» **Given information**:
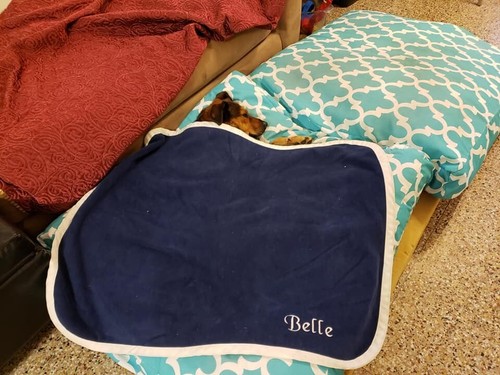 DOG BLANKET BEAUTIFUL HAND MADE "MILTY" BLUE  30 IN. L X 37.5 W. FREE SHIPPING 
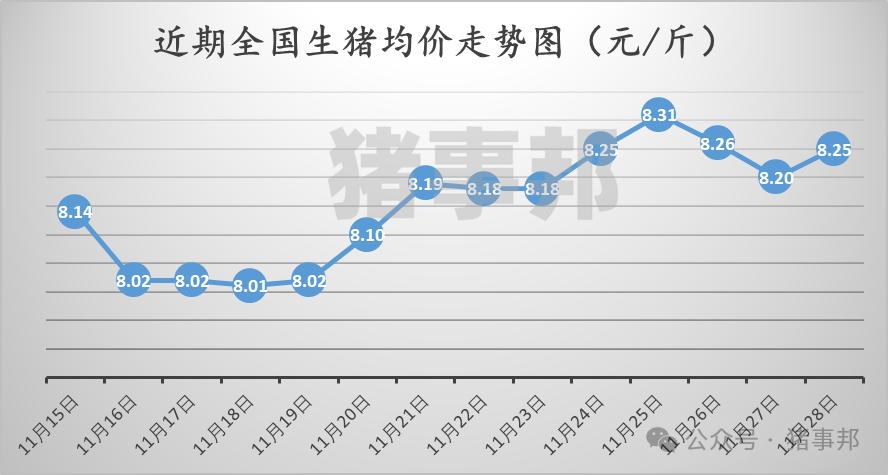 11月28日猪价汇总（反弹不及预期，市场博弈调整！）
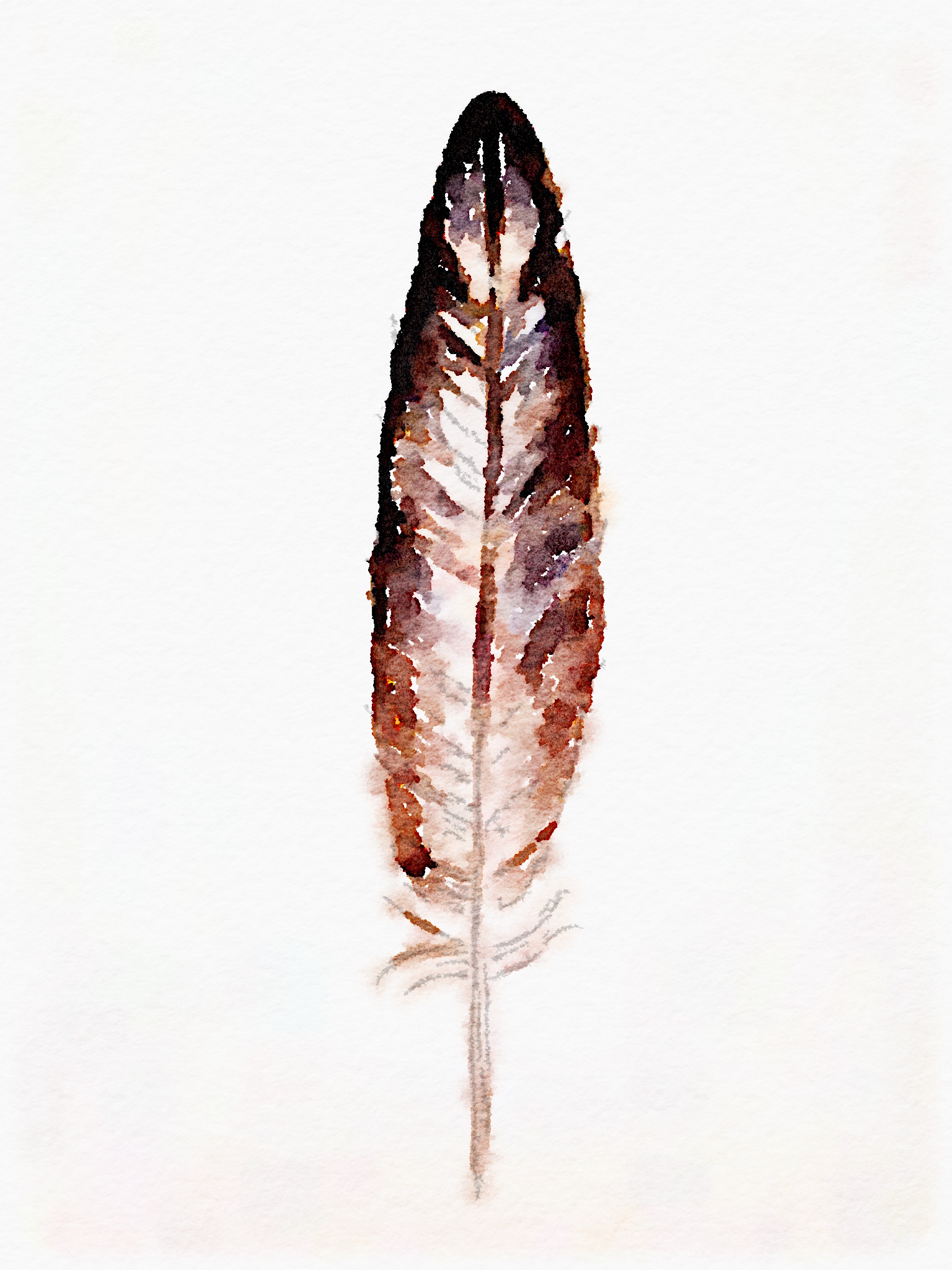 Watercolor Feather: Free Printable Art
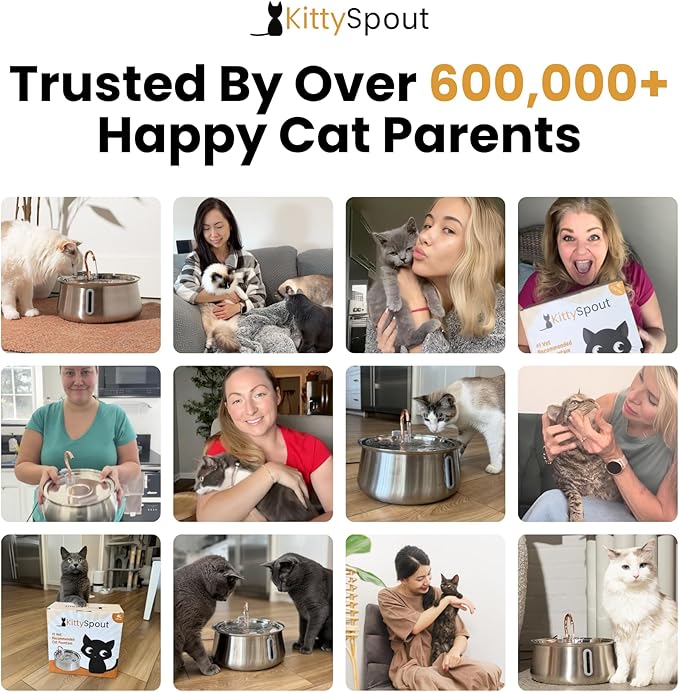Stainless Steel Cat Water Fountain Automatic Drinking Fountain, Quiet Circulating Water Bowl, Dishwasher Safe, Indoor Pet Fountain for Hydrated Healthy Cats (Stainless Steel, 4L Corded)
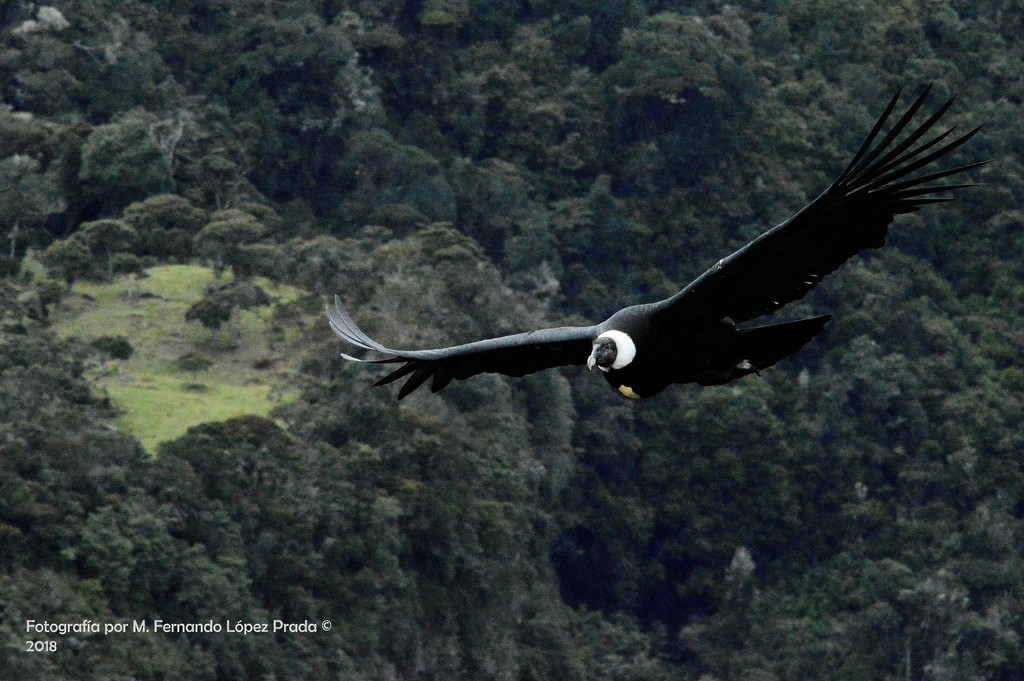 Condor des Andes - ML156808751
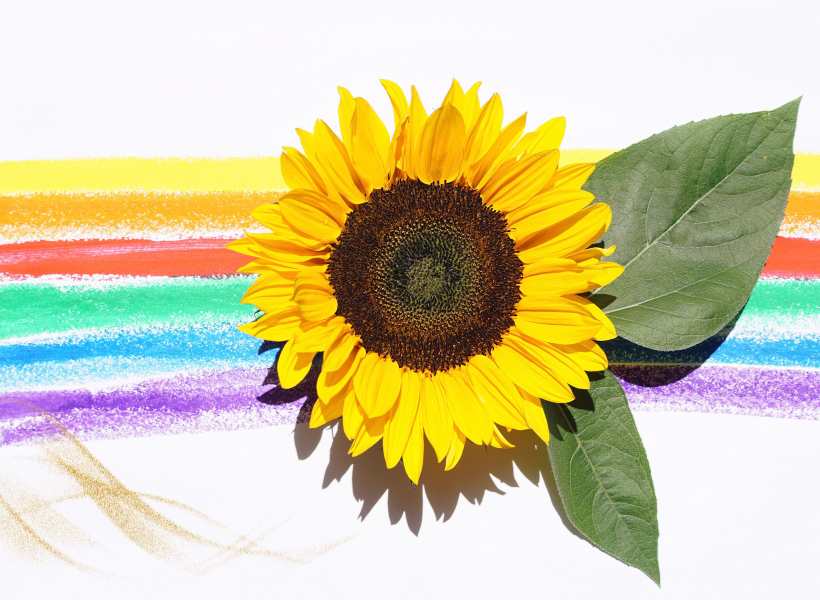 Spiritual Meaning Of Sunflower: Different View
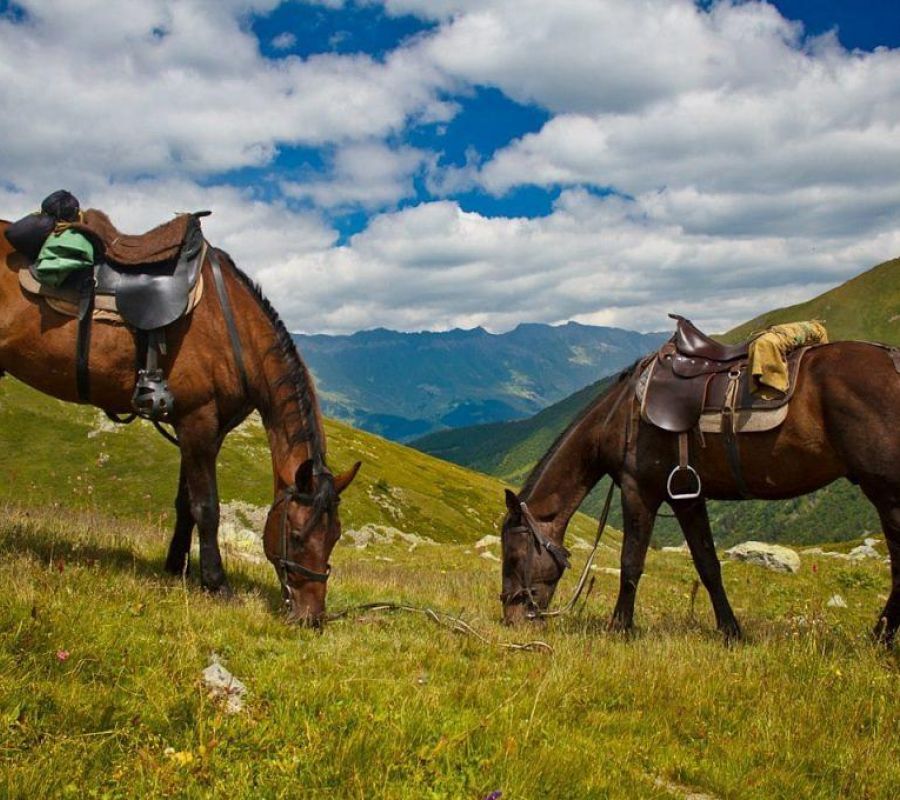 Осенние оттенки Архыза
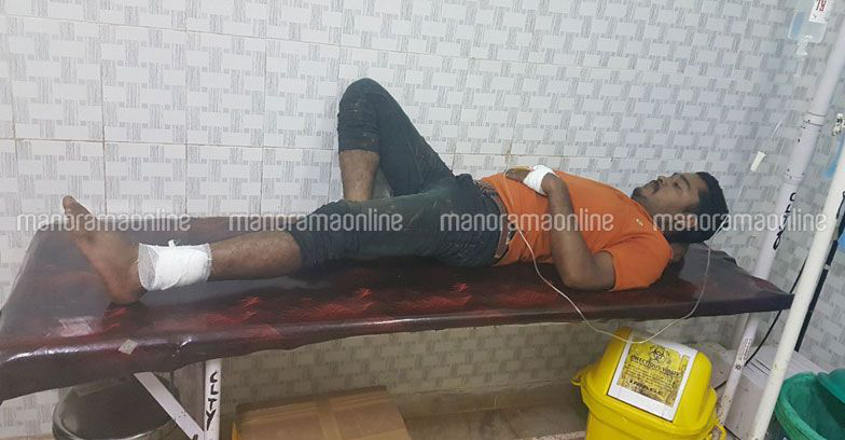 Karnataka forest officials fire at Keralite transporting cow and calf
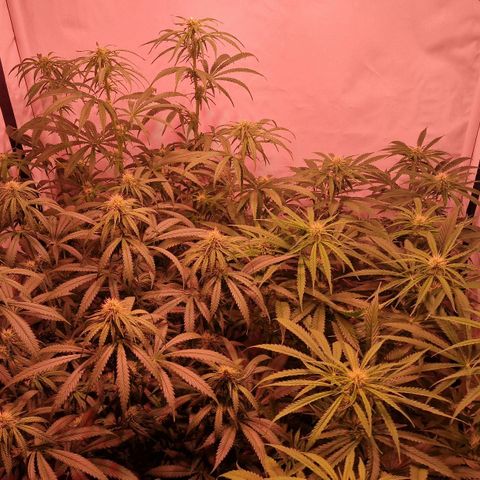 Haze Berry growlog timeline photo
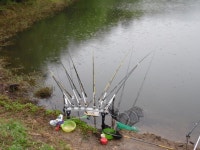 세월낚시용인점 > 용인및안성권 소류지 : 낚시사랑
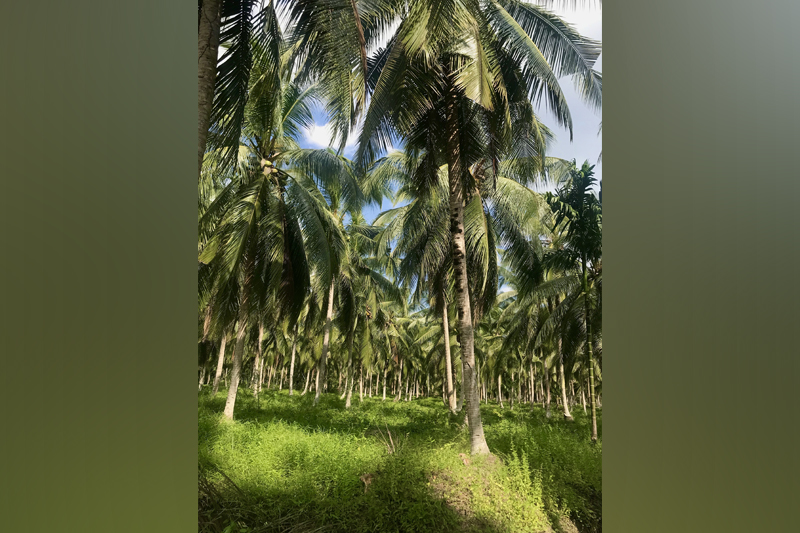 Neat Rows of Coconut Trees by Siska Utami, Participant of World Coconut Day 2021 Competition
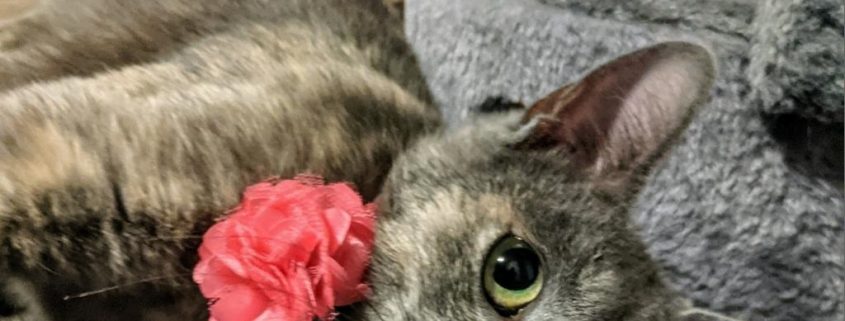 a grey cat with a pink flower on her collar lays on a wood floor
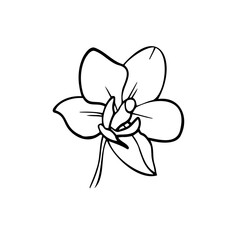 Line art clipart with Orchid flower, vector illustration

» **Requirement**: Put down exactly the lines of the data above that run from its first line through the line bearing "Neat Rows of", and no pictures.

» **Worked solution**:
 DOG BLANKET BEAUTIFUL HAND MADE "MILTY" BLUE  30 IN. L X 37.5 W. FREE SHIPPING 
 11月28日猪价汇总（反弹不及预期，市场博弈调整！）
 Watercolor Feather: Free Printable Art
Stainless Steel Cat Water Fountain Automatic Drinking Fountain, Quiet Circulating Water Bowl, Dishwasher Safe, Indoor Pet Fountain for Hydrated Healthy Cats (Stainless Steel, 4L Corded)
 Condor des Andes - ML156808751
 Spiritual Meaning Of Sunflower: Different View
 Осенние оттенки Архыза
 Karnataka forest officials fire at Keralite transporting cow and calf
 Haze Berry growlog timeline photo
 세월낚시용인점 > 용인및안성권 소류지 : 낚시사랑
 Neat Rows of Coconut Trees by Siska Utami, Participant of World Coconut Day 2021 Competition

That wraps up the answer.